Identification of mutations in the human EXT1 and EXT2 genes

G. Song; J. Zhou; J. Xia; H. Deng; L. Xu; L. Huang; Q. Ruan

Identification of mutations in the human EXT₁ and EXT₂ genes

G. Song^*, J. Zhou, J. Xia, H. Deng, L. Xu, L. Huang, Q. Ruan

^*Corresponding author for this work

Neurology

Research output: Contribution to journal › Article › peer-review

2 Scopus citations

Abstract

Objective: To investigate further the genetic basis of hereditary multiple exostoses (EXT) and provide useful information for gene diagnosis of the disease. Methods: Polymerase chain reaction-single strand conformation polymorphism (PCR-SSCP) was used to examine the entire coding regions of EXT₁ gene on chromosome 8 and EXT₂ gene on chromosome 11 for mutation in thirty EXT families. Mutations were further identified by sequencing. Results: Two frameshift mutations were identified in two unrelated EXT families. One was the deletion of one base(T) in exon 6 of the EXT₁ gene, and the other was the deletion of four bases (tgtt) in exon 2 of the EXT₂ gene. Both of the mutations resulted in a frameshift and premature termination of translation. Conclusion: EXT is a genetically heterogeneous bone disorder caused by the mutation of EXT tumor suppressor gene. These results could be directly applied in the genetic counselling and prenatal genetic diagnosis of EXT.

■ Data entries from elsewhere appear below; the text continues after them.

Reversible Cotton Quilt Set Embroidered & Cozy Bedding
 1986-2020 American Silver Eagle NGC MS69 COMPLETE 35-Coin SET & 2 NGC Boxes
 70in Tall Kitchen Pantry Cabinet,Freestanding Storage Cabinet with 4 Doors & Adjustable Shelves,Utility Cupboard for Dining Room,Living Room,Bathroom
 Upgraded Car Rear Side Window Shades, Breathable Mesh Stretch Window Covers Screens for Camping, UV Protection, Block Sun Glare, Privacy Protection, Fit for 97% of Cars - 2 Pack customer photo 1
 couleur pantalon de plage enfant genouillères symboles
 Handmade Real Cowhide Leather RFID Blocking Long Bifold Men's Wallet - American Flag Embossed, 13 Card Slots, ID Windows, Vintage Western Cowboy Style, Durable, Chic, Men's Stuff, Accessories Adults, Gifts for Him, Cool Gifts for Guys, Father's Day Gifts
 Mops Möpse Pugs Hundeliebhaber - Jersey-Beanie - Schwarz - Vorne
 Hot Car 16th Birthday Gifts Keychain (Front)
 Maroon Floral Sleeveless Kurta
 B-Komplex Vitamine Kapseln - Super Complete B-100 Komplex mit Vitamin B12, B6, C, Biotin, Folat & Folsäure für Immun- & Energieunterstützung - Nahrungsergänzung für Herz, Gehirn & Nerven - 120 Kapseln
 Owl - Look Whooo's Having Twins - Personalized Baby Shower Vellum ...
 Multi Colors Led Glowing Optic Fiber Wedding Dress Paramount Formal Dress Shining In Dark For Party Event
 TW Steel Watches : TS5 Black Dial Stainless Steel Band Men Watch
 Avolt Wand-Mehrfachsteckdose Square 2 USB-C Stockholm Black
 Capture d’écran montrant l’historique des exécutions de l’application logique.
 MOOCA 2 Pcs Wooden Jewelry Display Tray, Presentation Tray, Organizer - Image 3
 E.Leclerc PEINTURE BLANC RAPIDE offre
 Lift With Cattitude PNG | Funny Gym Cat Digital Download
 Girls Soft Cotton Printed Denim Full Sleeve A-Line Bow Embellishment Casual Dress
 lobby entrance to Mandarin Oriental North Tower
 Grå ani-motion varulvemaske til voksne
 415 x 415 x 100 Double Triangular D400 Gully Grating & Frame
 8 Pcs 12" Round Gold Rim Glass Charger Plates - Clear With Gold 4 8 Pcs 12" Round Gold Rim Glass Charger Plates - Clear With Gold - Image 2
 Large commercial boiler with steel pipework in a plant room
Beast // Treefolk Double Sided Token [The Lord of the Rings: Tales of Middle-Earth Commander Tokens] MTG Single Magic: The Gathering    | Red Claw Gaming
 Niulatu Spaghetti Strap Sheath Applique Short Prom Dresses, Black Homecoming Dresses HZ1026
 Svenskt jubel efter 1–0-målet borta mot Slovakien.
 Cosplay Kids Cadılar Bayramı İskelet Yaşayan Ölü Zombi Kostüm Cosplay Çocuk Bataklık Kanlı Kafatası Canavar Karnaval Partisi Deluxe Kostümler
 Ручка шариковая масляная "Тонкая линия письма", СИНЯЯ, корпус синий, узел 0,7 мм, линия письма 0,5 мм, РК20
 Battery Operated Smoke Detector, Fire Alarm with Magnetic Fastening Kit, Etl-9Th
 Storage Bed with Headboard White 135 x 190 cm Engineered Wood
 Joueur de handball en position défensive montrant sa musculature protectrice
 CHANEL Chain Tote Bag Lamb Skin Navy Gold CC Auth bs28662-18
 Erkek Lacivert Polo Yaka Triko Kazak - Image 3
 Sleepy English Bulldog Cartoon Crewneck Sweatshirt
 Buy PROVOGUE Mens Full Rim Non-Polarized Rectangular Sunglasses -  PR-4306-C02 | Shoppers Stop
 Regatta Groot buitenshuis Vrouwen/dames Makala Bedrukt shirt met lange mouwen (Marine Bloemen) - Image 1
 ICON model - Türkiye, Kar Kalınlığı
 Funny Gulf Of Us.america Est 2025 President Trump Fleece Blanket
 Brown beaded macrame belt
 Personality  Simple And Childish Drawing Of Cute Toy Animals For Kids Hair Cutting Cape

Original language	English (US)
Pages (from-to)	208-210
Number of pages	3
Journal	Chinese Journal of Medical Genetics
Volume	16
Issue number	4
State	Published - 1999

Keywords

Gene mutation
Hereditary multiple exostoses
Polymerase chain reaction-single strand conformation polymorphism

ASJC Scopus subject areas

Genetics(clinical)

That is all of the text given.